→ WHAT IS EXPECTED:
Copy each entry precisely as written, and do not carry over the pictures.

-.-.-

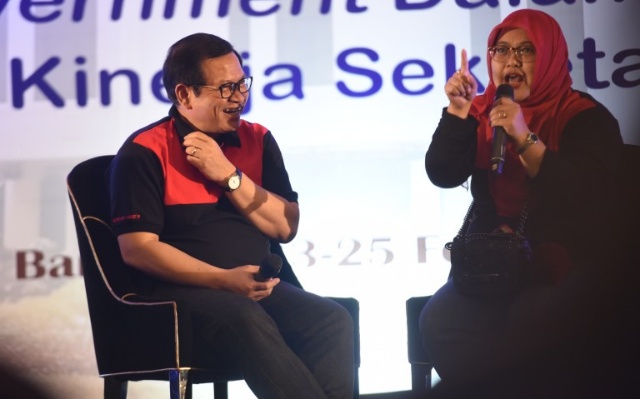 Tahun Politik, Pramono Minta Jajaran Setkab Tetap Bekerja Profesional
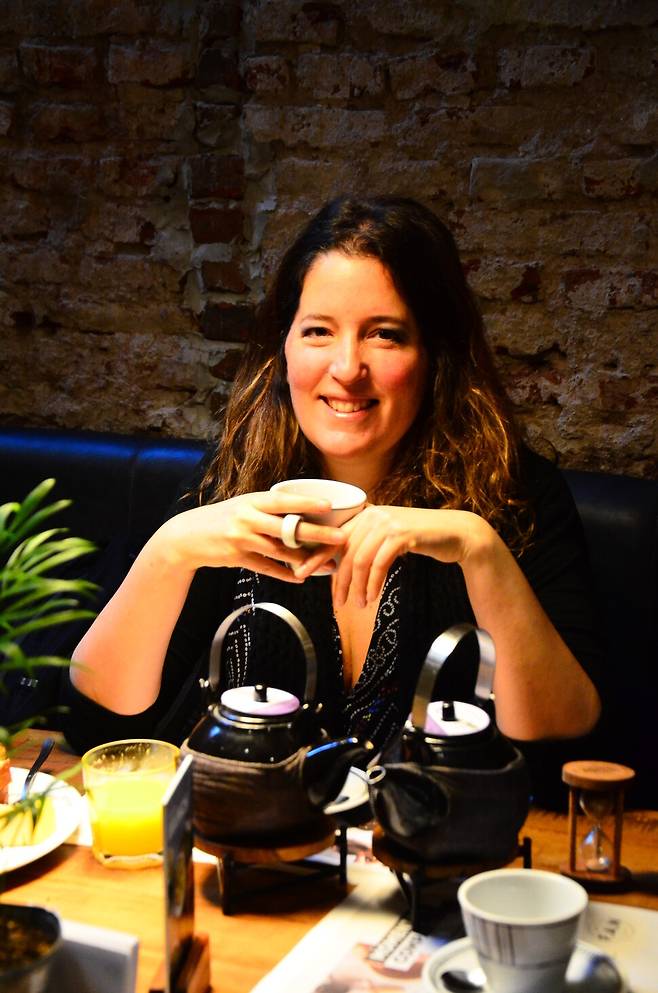 ‘육질은 부드러워’의 아르헨티나 작가 아구스티나 바스테리카. ⓒ Rocío Pedroza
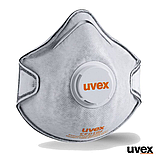 Респіратори Uvex silv-air 2220 вугільний фільтр FFP-2 (Німеччина), фото 3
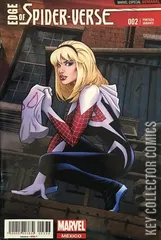 Variant Cover for Edge of Spider-Verse #2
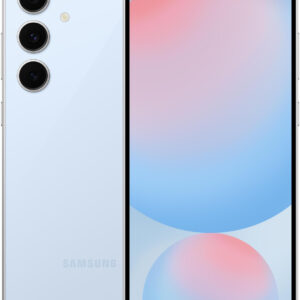 Samsung Galaxy S24 FE 128GB Graphite, 8GB RAM, 6.7 Zoll Display, 50MP Kamera, Exynos 2400e Prozessor | SimLock: Frei | Zustand: Sehr Gut | Farbe: blau | Akku: 100%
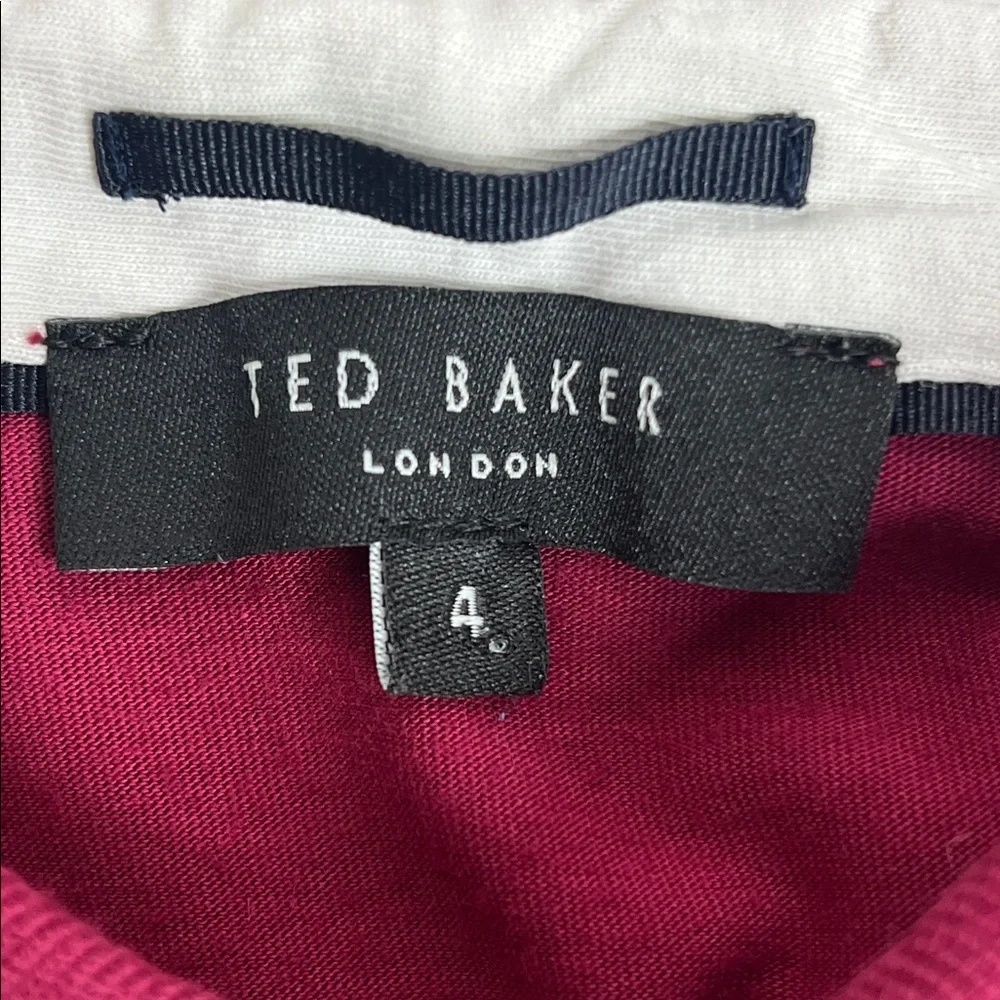 Ted Baker London Men’s Tortilla Tipped Polo – Size 4 (Large) - Picture 5 of 12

-.-.-

→ ANSWER:
 Tahun Politik, Pramono Minta Jajaran Setkab Tetap Bekerja Profesional
 ‘육질은 부드러워’의 아르헨티나 작가 아구스티나 바스테리카. ⓒ Rocío Pedroza
 Респіратори Uvex silv-air 2220 вугільний фільтр FFP-2 (Німеччина), фото 3
 Variant Cover for Edge of Spider-Verse #2
 Samsung Galaxy S24 FE 128GB Graphite, 8GB RAM, 6.7 Zoll Display, 50MP Kamera, Exynos 2400e Prozessor | SimLock: Frei | Zustand: Sehr Gut | Farbe: blau | Akku: 100%
 Ted Baker London Men’s Tortilla Tipped Polo – Size 4 (Large) - Picture 5 of 12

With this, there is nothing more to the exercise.